Third month, Go Sekku no uchi
五節句之内 三月
- Date:
- Edo period, c. 1830s-1840s
- Medium:
- Woodblock print (nishiki-e); ink and color on paper
- Source:
- Museum of Fine Arts, Boston
Description
This woodblock print by Utagawa Sadafusa, held by the Museum of Fine Arts in Boston, belongs to a series titled Go Sekku no uchi (Of the Five Seasonal Festivals), and depicts the third month, traditionally associated with the doll festival (Hina Matsuri or Jōshi no sekku) celebrated on the third day of the third lunar month. The five sekku were the seasonal festivals of the Japanese calendar adopted from Chinese tradition and observed across Edo society: the first month's New Year (Jinjitsu), the third month's Hina Matsuri, the fifth month's Tango no sekku (boys' day), the seventh month's Tanabata (star festival), and the ninth month's Chōyō (chrysanthemum festival). Each was associated with specific seasonal foods, decorations, plants, and observances, and prints commemorating individual sekku were a recurring product of the Edo print market, sold in the weeks leading up to each festival.

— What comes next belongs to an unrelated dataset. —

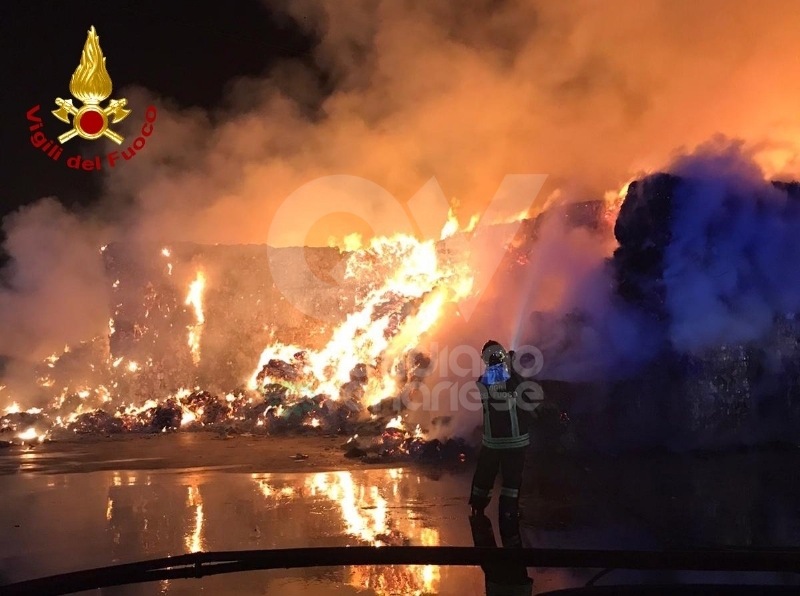 GRUGLIASCO - A fuoco l'azienda che si occupa dei rifiuti: ceneri in strada e sui balconi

Sadafusa's contribution to the Go Sekku no uchi tradition represents his engagement with the calendrical-genre print idiom that ran throughout the late-Edo woodblock industry alongside the more familiar [yakusha-e](/glossary/yakusha-e) and [bijin-ga](/glossary/bijin-ga) of the Utagawa school. The third-month subject of the doll festival, with its association with girls' households and the elaborate display of inherited dolls representing the imperial court, allowed Sadafusa to develop an elegant bijin-ga composition tied to the seasonal moment. The print is part of the William Sturgis Bigelow collection at the Museum of Fine Arts Boston, one of the most important Western holdings of nineteenth-century Edo [ukiyo-e](/glossary/ukiyo-e), and is representative of the calendrical strand of Sadafusa's mature practice in the 1830s and 1840s.